Sci Rep. 2022 Jul 7;12(1):11539. doi: 10.1038/s41598-022-15478-y.
As the COVID-19 ravaging through the globe, accurate forecasts of the disease spread are crucial for situational awareness, resource allocation, and public health decision-making. Alternative to the traditional disease surveillance data collected by the United States (US) Centers for Disease Control and Prevention (CDC), big data from Internet such as online search volumes also contain valuable information for tracking infectious disease dynamics such as influenza epidemic. In this study, we develop a statistical model using Internet search volume of relevant queries to track and predict COVID-19 pandemic in the United States. Inspired by the strong association between COVID-19 death trend and symptom-related search queries such as "loss of taste", we combine search volume information with COVID-19 time series information for US national level forecasts, while leveraging the cross-state cross-resolution spatial temporal framework, pooling information from search volume and COVID-19 reports across regions for state level predictions. Lastly, we aggregate the state-level frameworks in an ensemble fashion to produce the final state-level 4-week forecasts. Our method outperforms the baseline time-series model, while performing reasonably against other publicly available benchmark models for both national and state level forecast.
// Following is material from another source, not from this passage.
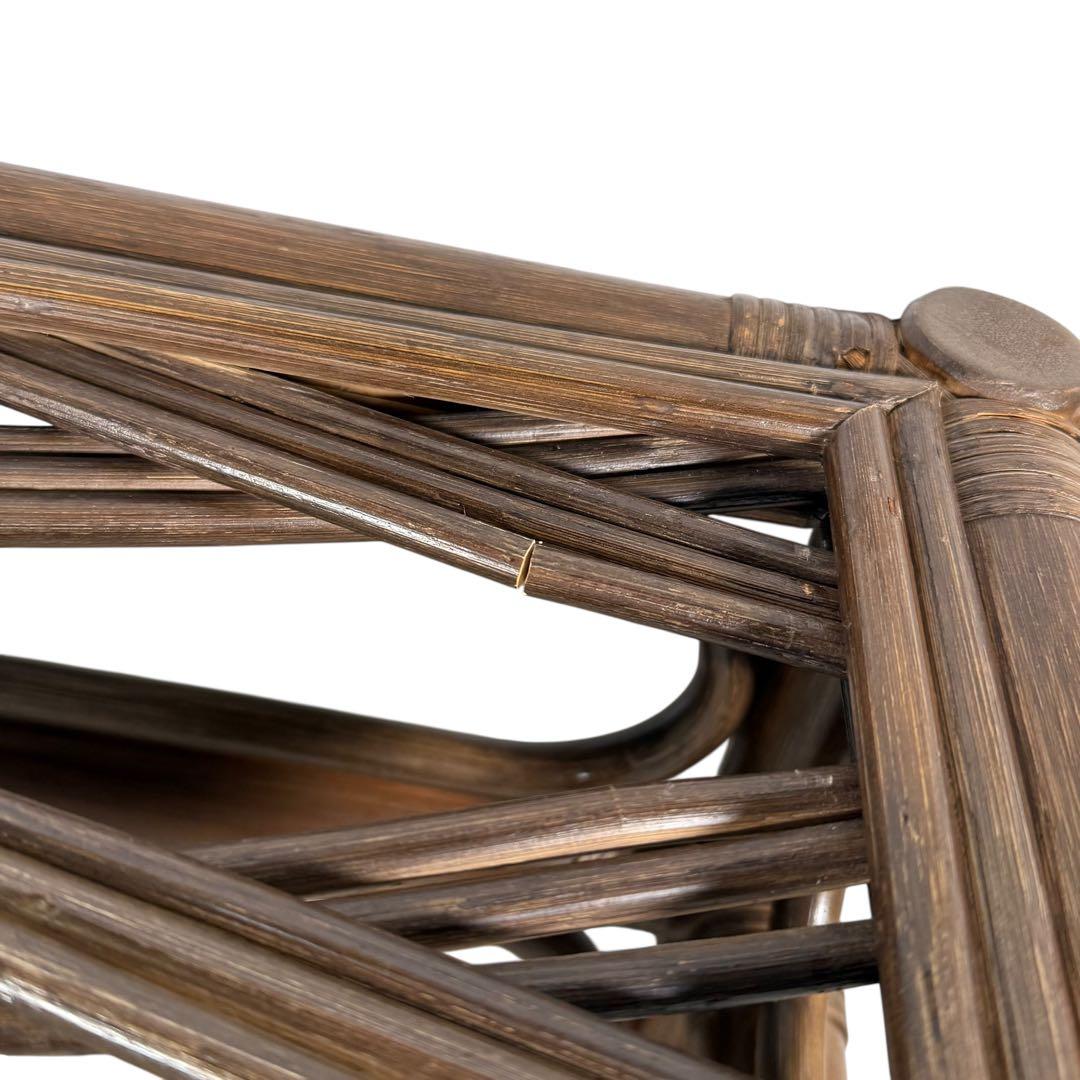 KZ035 【希少デザイン】コスガ　kosuga ラタン籐　ガラステーブル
随着 COVID-19 在全球肆虐,准确预测疾病的传播对于了解情况、分配资源和做出公共卫生决策至关重要。除了美国疾病控制与预防中心(CDC)收集的传统疾病监测数据外,互联网上的大数据,如在线搜索量,也包含了追踪传染病动态(如流感流行)的有价值信息。在这项研究中,我们使用与相关查询相关的互联网搜索量开发了一个统计模型,以跟踪和预测美国的 COVID-19 大流行。受 COVID-19 死亡趋势与“味觉丧失”等症状相关搜索查询之间强关联的启发,我们将搜索量信息与 COVID-19 时间序列信息结合起来,对美国国家级预测进行建模,同时利用跨州跨分辨率时空框架,从不同地区的搜索量和 COVID-19 报告中汇集信息,进行州级预测。最后,我们以集合的方式汇总州级框架,以生成最终的州级 4 周预测。我们的方法优于基线时间序列模型,并且在国家级和州级预测方面,与其他公开可用的基准模型相比表现相当。